The easiest on-ramp to tracing support is via the User-space Statically-Defined Tracepoint (USDT) mechanism supported by all of the aforementioned tools. Under this scheme, the traced program embeds a bit of metadata describing the available tracepoints, the information they provide, and how they are enabled.
It turns out that GHC’s runtime system already defines a number of USDT tracepoints (although they need to be enabled when configuring GHC with the
configure flag). However, it is possible that this support may have bit-rotted (#15543).
However, it may also be useful to be able to define USDT tracepoints in Haskell programs. A simple implementation of this would simply be a Template Haskell splice which would generate the necessary C stubs and splice in a foreign function import and call into the program.
Aside: LLVM and X-Ray
It should also be noted that LLVM provides another, much different approach to the tracing/profiling problem with its XRay instrumentation infrastructure. This approach seeks to introduce low-cost tracing instrumentation in generated code, allowing precise and highly detailed accounting of runtime costs.
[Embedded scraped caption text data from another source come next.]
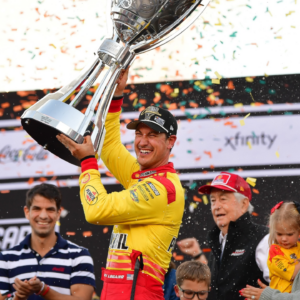 NASCAR Cup Series driver Joey Logano (22) celebrates his championship victory following the Cup Series championship race at Phoenix Raceway.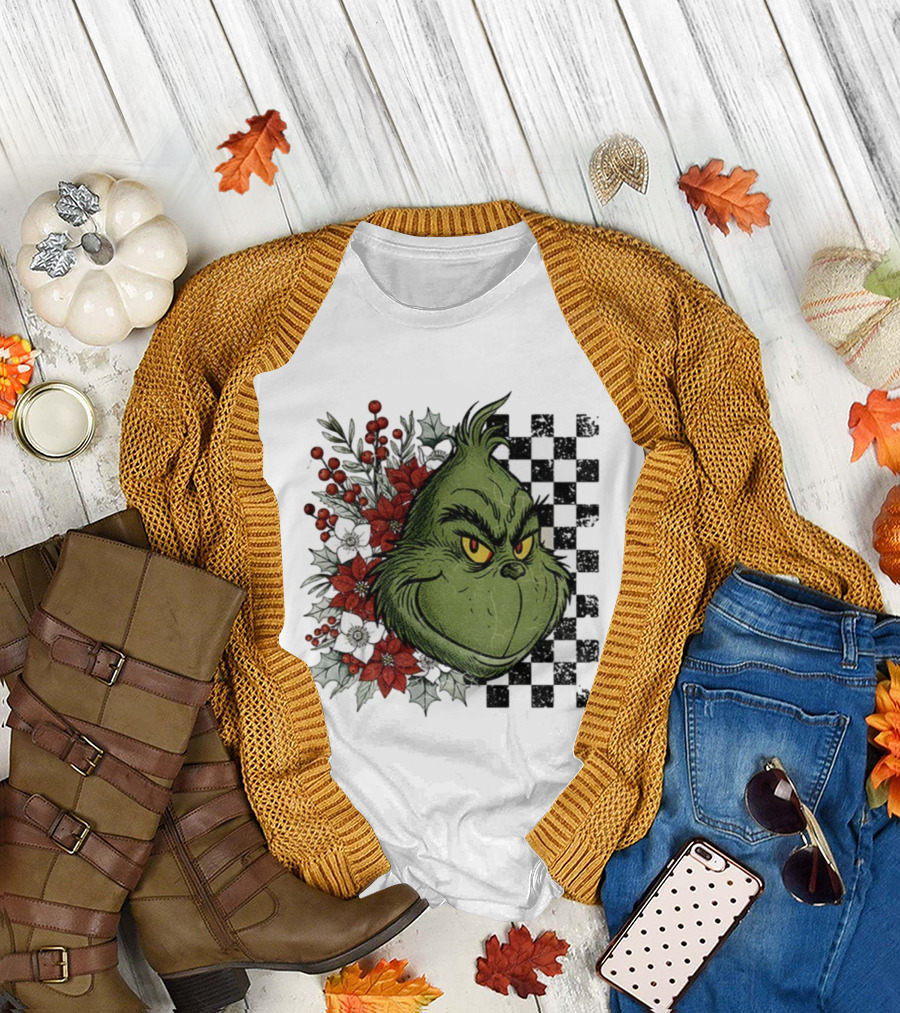 Grinch Floral Christmas Characters Merry Christmas 2025 Festive Design T-Shirt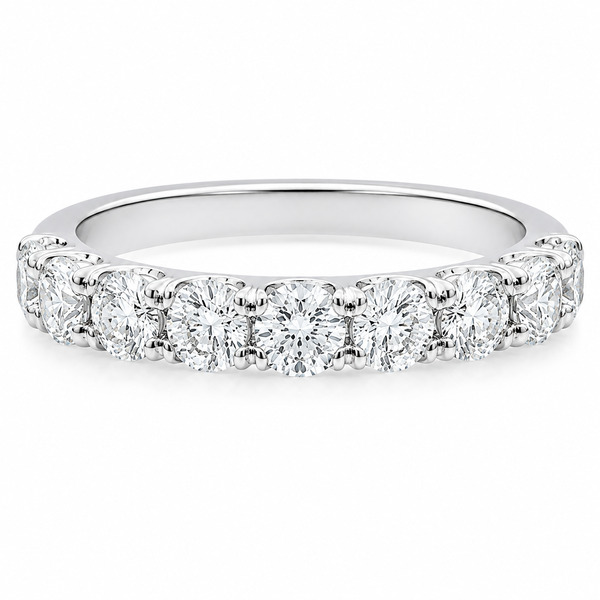 classic diamond half full eternity ring u claw set round brilliant cut 0.15ct diamonds 3.5mm width platinum gold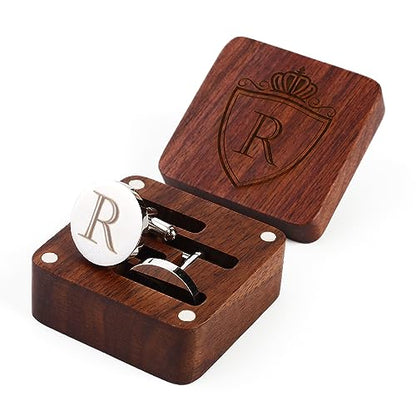 Mens Initial Silver Cufflinks A-Z Alphabet Letter Steel Cuff Links with Engraved Walnut Wood Box Groom Groomsman Wedding Set… - style: R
Matthew Pickering tried (#15929) adding XRay support to GHC’s LLVM backend. Unfortunately, this effort ended up being rather stunted, in part due to limitations of LLVM itself (specifically difficulties with tail-calls) and in part due to limitations of GHC’s LLVM backend (namely, we rely on the LLVM IR
alias mechanism to convince LLVM that our type annotations are correct; this confuses the XRay logic).
This work has been a multi-year (off-and-on) effort for me, but it would not have been possible without a number of others.
In particular, this work would never have even started without the efforts of Peter Wortmann. Not only does the causality formalism he described in his dissertation provide the theoretical foundation for all of this functionality, but his initial implmentation kick-started the effort and the promising results he demonstrated at the Haskell Implementors’ Workshop provided me with the motivation to keep picking away at the seemingly endless stream of details which arose as I refined the feature over the years.
In general, Well-Typed’s work on GHC (and, therefore, my own work) would not have been possible without the support of Microsoft Research, IOHK, and others who have supported the position which allows me to work on GHC for many years. In addition, some of my early work in 2015 to clean up the original DWARF implementation was supported directly by funding from Microsoft Research.